Modern & Post-War British Art

Modern & Post-War British Art

View full screen - View 1 of Lot 29. ALLEN JONES, R.A. | STANDING FIGURE (HATSTAND).

ALLEN JONES, R.A. | STANDING FIGURE (HATSTAND)

Auction Closed

November 20, 12:36 PM GMT

Estimate

250,000 - 350,000 GBP

Lot Details

Description

ALLEN JONES, R.A.

b.1937

STANDING FIGURE (HATSTAND)


fiberglass with resin, leather, silk and mixed media

height: 181cm.; 71¼in.

Made in 1969, the present work is probably number 5 from the edition of 6 + 1 Artist's Proof, with variation to the wigs and bolero across the edition.

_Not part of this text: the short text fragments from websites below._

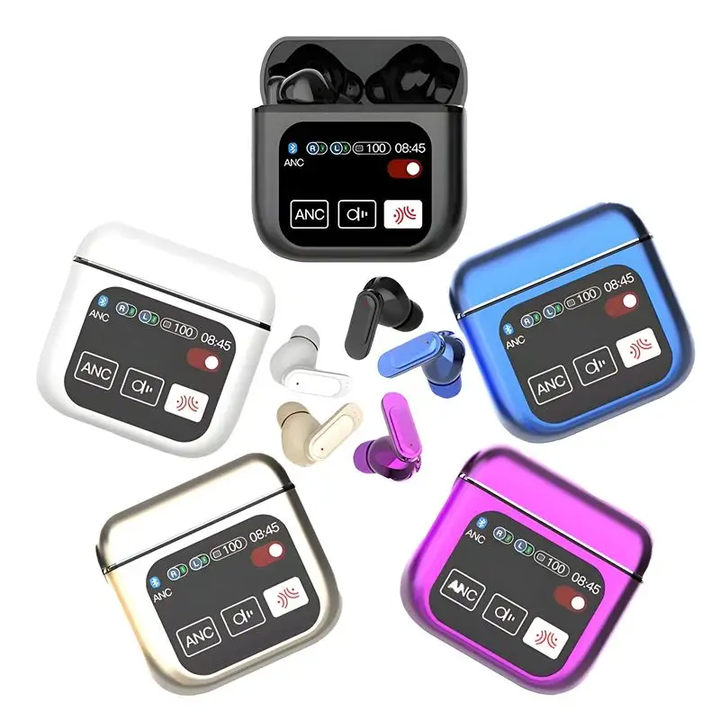 electronics 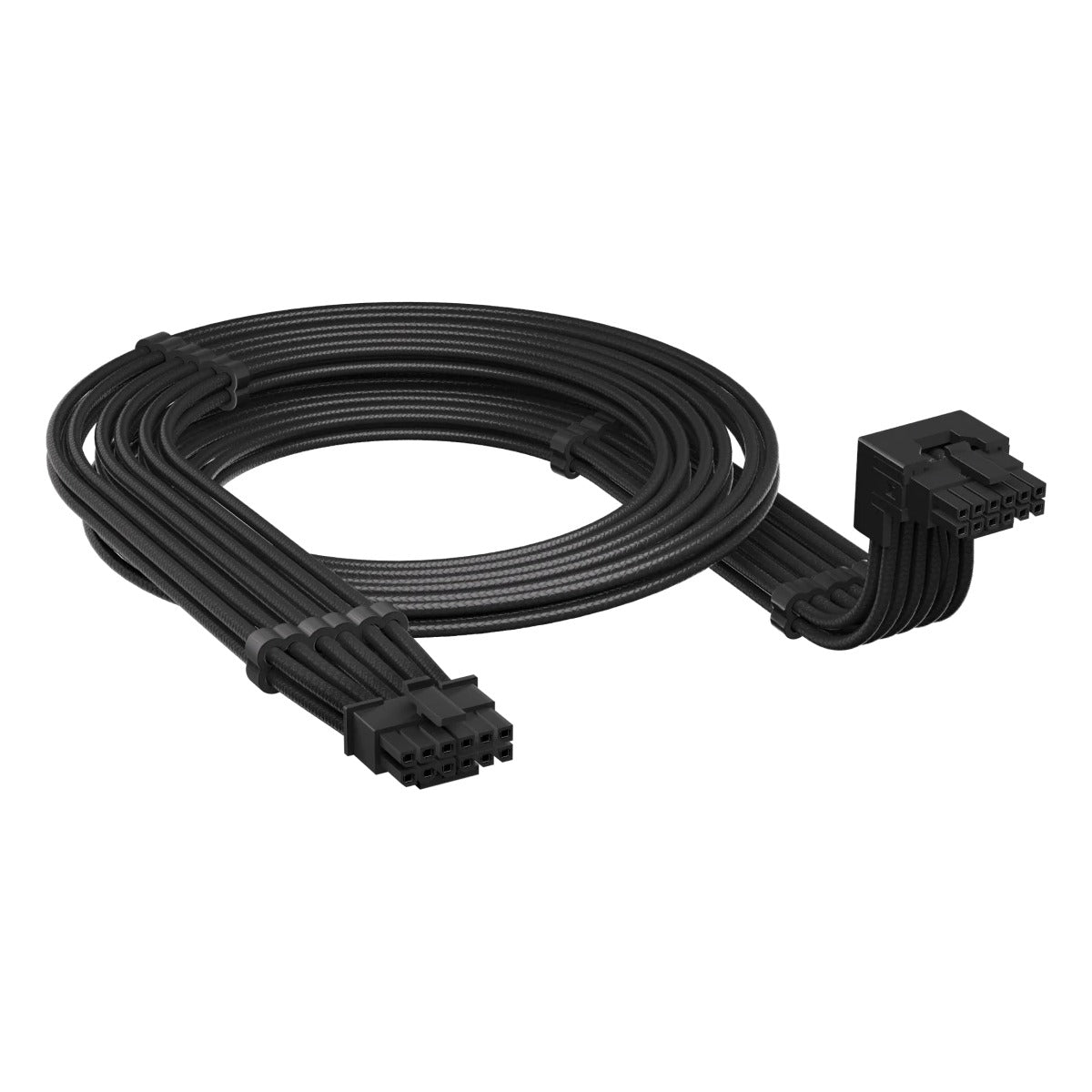 Corsair Universal 90 Degree 12V-2x6 Style A GPU Power Cable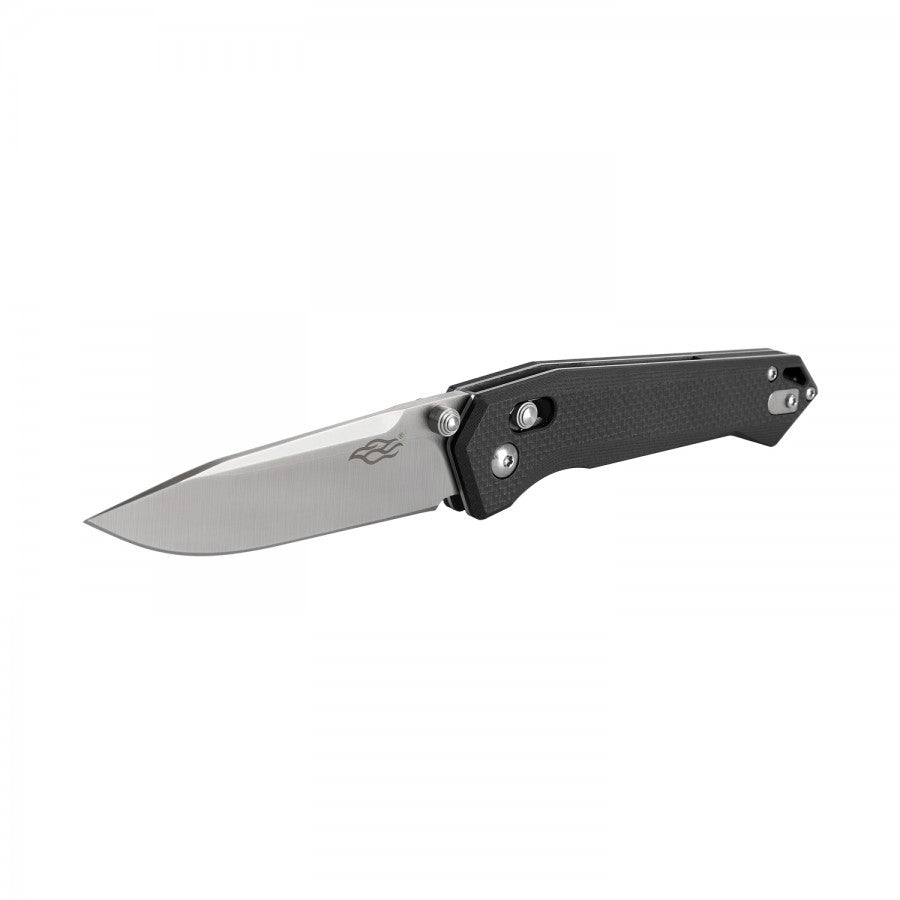 Ganzo Firebird FB7651 Axis Lock G10 Folding Knife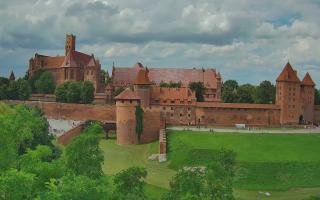 Malbork zamek - 02-08-2025 11:17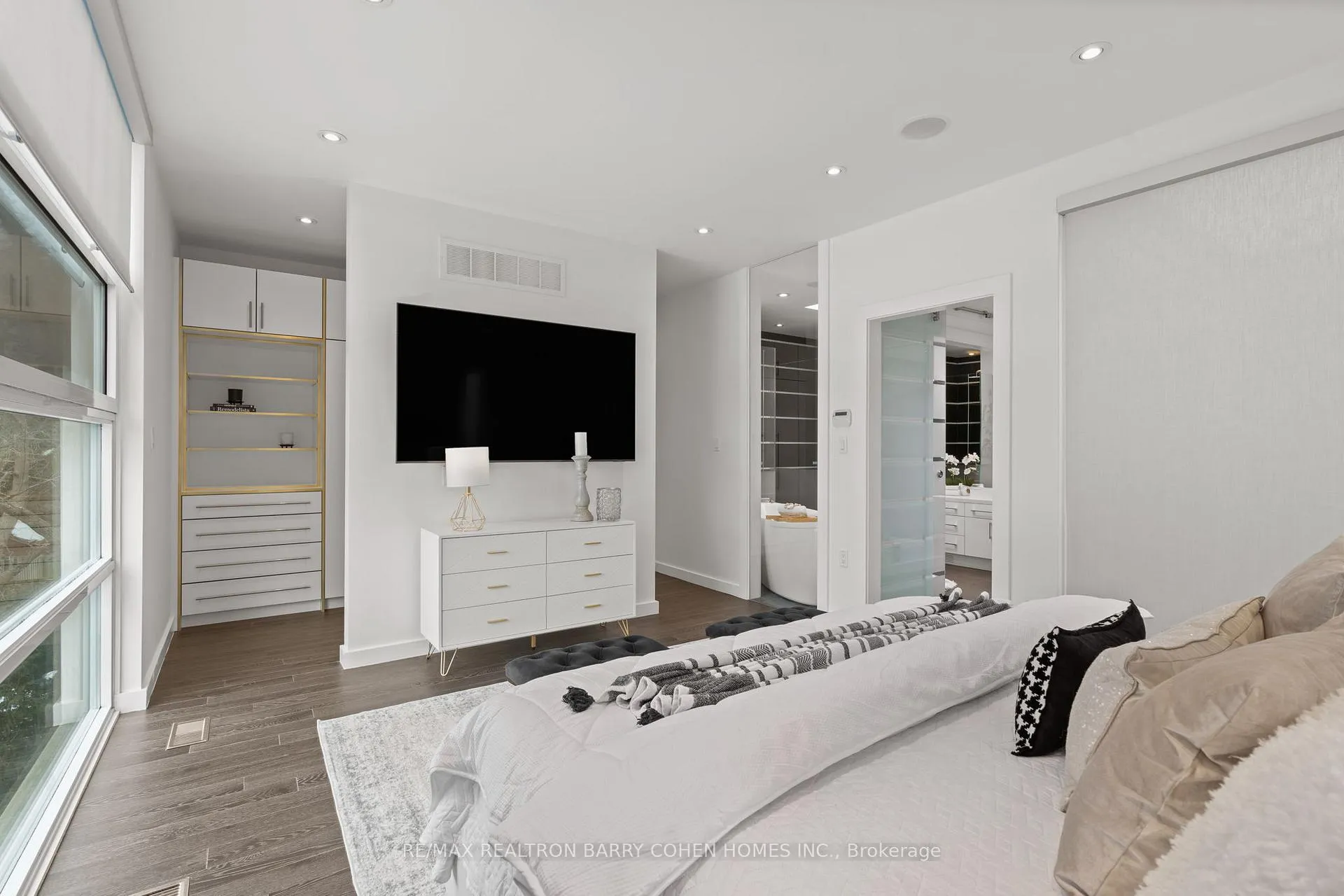 Photo 19 of 478 Melrose Avenue, Toronto, Bedford Park-Nortown — HOMEH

Galleria Il Fauno, Turin, where acquired by Carlo Monzino, probably in 1971, by whom gifted to Mr Ferrari, Milan

Acquired from the above by Mr A. Coppola, Milan, from whom acquired by the present owner, 3rd May 2001 

Allen Jones Figures, Galerie Mikno and Edizioni O., Milan, 1969, illustrated p.75 (one of the edition of 6, as Hat Stand);

Marco Livingstone, Allen Jones: Sheer Magic, Thames and Hudson, London, 1979, illustrated p.71 (one of the edition of 6, as Hat Stand);

Allen Jones, (exh. cat.), Walker Art Gallery, Liverpool, 1979, cat. no.35, illustrated (one of the edition of 6, as Hat Stand);

Tilman Osterworld, Pop Art, Taschen, Cologne, 1990, illustrated p.48 (one of the edition of 6);

Nicola Hodges and Natasha Roberston (eds.), Allen Jones, Academy Editions, London, 1993, pp.28 and 29, illustrated (one of the edition of 6);

Jackie Heuman, Material Matters: The Conservation of Modern Sculpture, Tate Publishing, London, 1999, fig.78, illustrated p.75 (one of the edition of 6, as Hatstand):

Andrew Lambirth, Allen Jones: Works, Royal Academy of Arts, London, 2005, fig.11, illustrated pp.22, 23, and 28 (several from the edition of 6, as Hat Stand);

Mark Francis and Hal Foster (eds), Pop, Phaidon Press Limited, London, 2005, illustrated p.188 (one of the edition of 6, as Hat Stand);

Hans Werner Holzwarth and Laszlo Taschen (eds), Modern Art, Taschen, Cologne, 2016, illustrated p.476, (one of the edition of 6, as Hatstand);

Allen Jones Copied – From A Higher Priced Original, IDEA, 2018, cat. no.1, illustrated (one of the edition of 6, as Hatstand).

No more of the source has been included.